Another noteworthy instance involved employees who reconfigured a company server for internal office pools and then parlayed that success to create a full-scale gambling site -- all done within the network's firewall.

"It really stretches the imagination to see what people have come up with," Myer said. He noted one particularly disturbing instance when an employee strategically set up a webcam in the next cubicle to spy on a co-worker while working from home.

All of these instances point to more than employee gumption.

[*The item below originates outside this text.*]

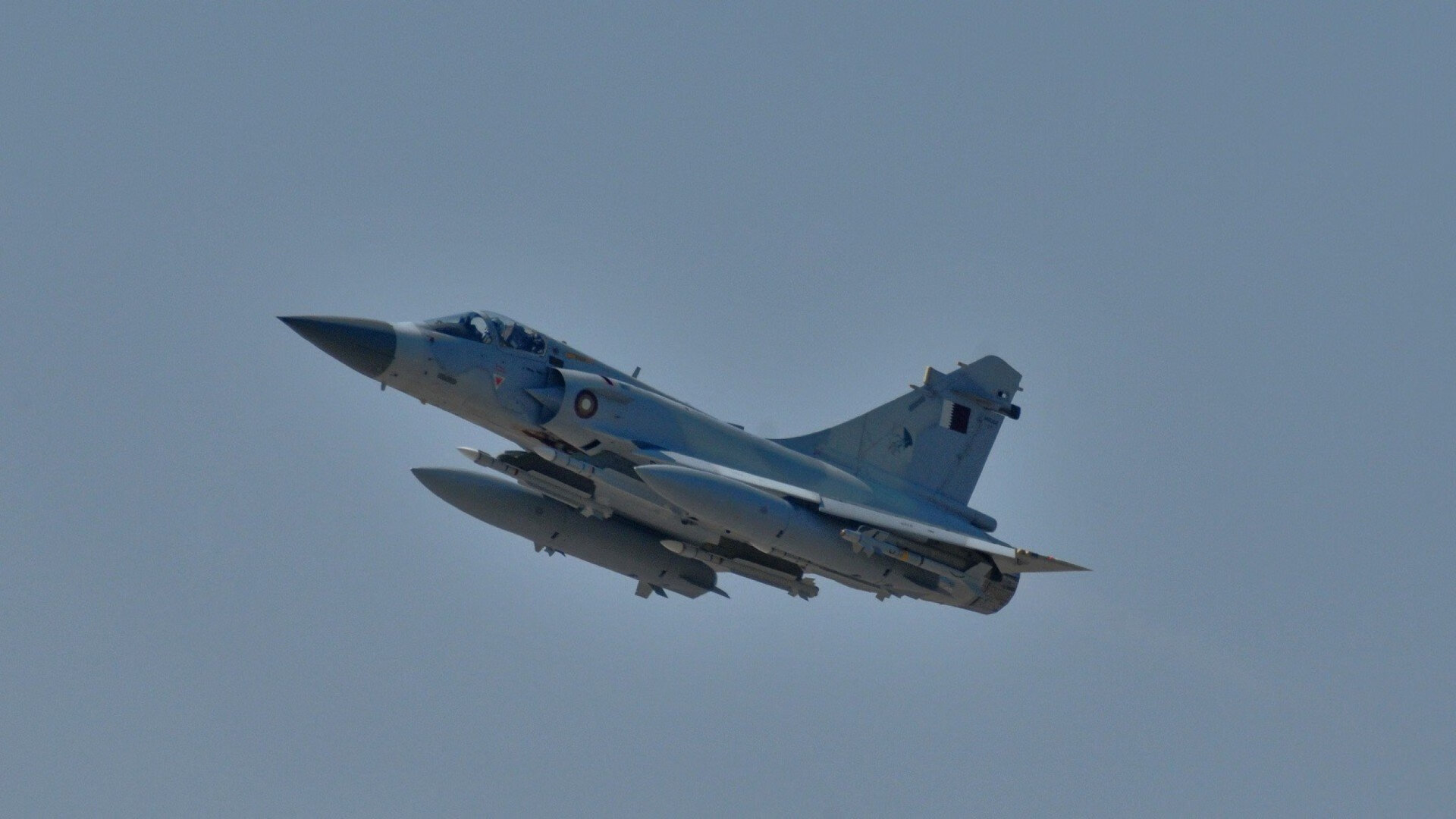 爱游戏在线-当埃及踩过三狮，本泽马在德比封神—论足球世界唯一性的两种写法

In addition to sucking up productivity and bandwidth, they pose legal and security risks.

"The days are over when it's sufficient for a security professional to keep bad guys out of your network," Myer said. "These threats are not perimeter-based; they bypass security because they are initiated by users."

The company, named for the phrase to "86" someone by tossing them out of a place, serves a number of customers in the education field, which Myer said provides a great test beds for risky or malicious insider behavior. "These customers deal with some very creative users with a lot of time and a lot of curiosity," he added.

During the last nine months, the company's seen an upswing in misuse of anonymization tools to mask Web surfers. In response, 8e6 has built into its URL library the ability to block open source and publicly available proxy software at the packet level.

"Employees probably feel the internet is an unlimited resource, and it's a victimless crime to misuse it a bit," Lundbohm said. "And the challenge for the security professional is to separate the wheat from the chaff."